# Looking for Ideas: Carnival Theme?



## Red (Aug 10, 2009)

I purchased The Misfortune Teller prop from Spirit along with some carnival lights. I figured since she's kind of my big item for this year I'd use her as a centerpiece for a theme of a carnival. Only ideas I have so far are a gypsy table with a motorized Ouija board and a crystal ball and that's about it. Any ideas would be appreciated!  Also this will be a garage set-up so I was also wondering what would be good for covering the walls? (The walls are plywood.)


----------



## spydermonkey (Oct 11, 2010)

Of course it should be Carn Evil and psycho clowns are always good.

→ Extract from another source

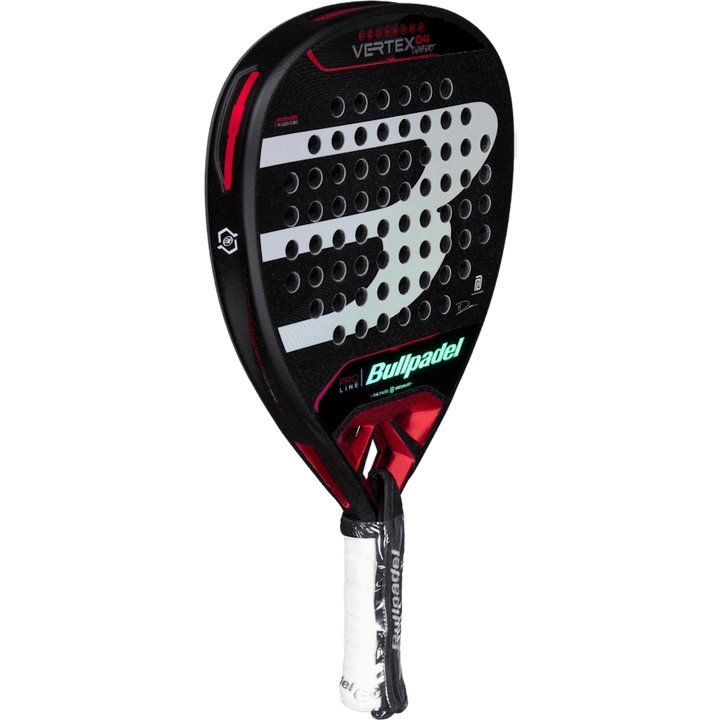 Vertex 04 Comfort 2024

You must post the motorized Ouija board..that sounds cool.


----------



## Kev730 (Feb 25, 2012)

Here are some Ideas.
































Ice cream man from Faceoff Burtonesque Episode. I thought he could be made into a dummy. 

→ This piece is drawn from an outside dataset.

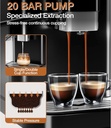 fully-automatic-espresso-coffee-machine2-4.jpg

Some Masks For the Icecream Man







Chunk the Clown







Cutup Clown







Eye Scream Clown







Popcorn Clown







Rotten Cotton Candy Clown


----------



## Ghost of Spookie (Sep 28, 2008)

Check out the Party area of the forum. There is a great, long thread for 2012 with tons of ideas and there's a new thread for 2013 for this year's haunts. Sure you will find something there you will like!

A few years ago Devils Chariot and friends did a fantastic yard Carnevil that I also consider must see. Here's 3 threads he has on it over a few years: 

http://www.halloweenforum.com/halloween-props/95211-scarousel-carnival-risk.html

http://www.halloweenforum.com/general-halloween/100234-rasputins-carnival-risk-haunt-hellizondo.html

http://www.halloweenforum.com/halloween-props/103204-rasputins-carnival-risk-video.html


----------



## Zombastic (Oct 26, 2011)

I was a clown last year in my garage. I was behind a polkadot drop panel.
This year I'm making a spinning wheel of death with a colorful swirl pattern on it.
I'm gonna put a trick or treater body on it with some fake knives stuck in the wheel and body.


----------